In the latest State of Elyria, Walsh tackles the issue of funding the MMO the last few years since stopping crowdfunding in 2020.  In the post, Walsh talks about the struggles Soulbound Studios has faced since he laid off the staff back in March of 2020. He details the struggle where he noticed that operating costs and more have increased, seeing his company hemorrhaging money with hosting costs and more. As a result, Caspian states that he effectively has had to stop his engineering duties in order to take on some “cost-cutting” to the business.

Because of this, the promised Alpha 2 was delayed as design work was put on hold to ensure that the company could, in effect, stay afloat.

However, while the initial strategies were in place, Caspian details that there was “another abrupt increase” in the costs to the company, requiring even more of his attention. He directly challenges the assertion many backers have that there was a “giant stockpile of cash” from the crowdfunding days to pull from, instead addressing Soulbound Studios taking on a PPP loan during the pandemic. The loan, according to Walsh, made it possible to carry on through 2020 and 2021. 

Walsh, though, states that this money has now run out, forcing him and his family to start pouring their own assets into the company – something that Walsh states has now happened twice in Chronicles of Elyria’s development. (As an aside, the official Soulbound Studios website states that the company is kept afloat by Jeromy’s personal wealth, as well as a co-owned PPC business.)

“And here, I’m afraid, is where I have to make a confession. Almost six years into development, Chronicles of Elyria remains one of the most important and significant things in my life.
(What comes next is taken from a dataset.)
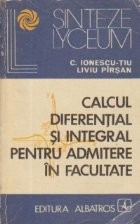 Calcul diferential si integral pentru admitere in facultate foto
So much so, that I had a long conversation with my wife and we agreed that Chronicles of Elyria was worth our own livelihood to see it through. So, for the second time in the history of Soulbound Studios, I began emptying my family’s savings and liquidating our assets in an effort to fund the continued development of the game.”

As such, Walsh says that he’s been injecting funds into the company to “keep Soulbound Studios alive.” However, he also says that if the company runs out of money and they need to lay off their remote contractors, it won’t be the end of Elyria. Citing the fact that some indie studios have survived off the back of a single developer, Walsh states that Kingdoms of Elyria, the standalone title that is supposed to feed into Chronicles of Elyria’s development, is close enough that it just needs some engineering. Walsh also mentions that they are gearing up to start talking to investors and publishers to inject some capital into the company.

The rest of the State of Elyria post details ongoing work on many of the assets players will potentially see in the upcoming alpha test still being planned, though now pushed to Q3. Caspian also talks about the workflows being used in production, as well as explains why he feels Chronicles of Elyria development is in a good place.

“I think that’s the main reason why development on CoE feels so good right now. The scope of Kingdoms of Elyria is almost entirely the things that are most important to our community. Namely, the land management mechanics such as zoning, agriculture, construction, and farming; and the settlement management mechanics such as building management, resource & commodities, crafting, and contracts. With each design document we finalize, we move our community into a place where they’ll be able to experience what it’s like to manage a settlement or domain in Elyria.”

Despite the update, one major aspect of the CoE saga still looms large: the ongoing class action lawsuit filed by spurned backers. The lawsuit, which is still being arbitrated, is levied at the Chronicles of Elyria developer by backers seeking to recover their funds poured into the project after its abrupt closure in 2020. While Walsh walked back statements saying that the studio wasn’t actually closed, that hasn’t stopped the lawsuit itself moving forward. While not much movement has happened in recent months (such is the legal system), it looms over this entire endeavor, as former fans seek to recapture what they can of the $8 million poured into the Kickstarter and various other crowdfunding sources.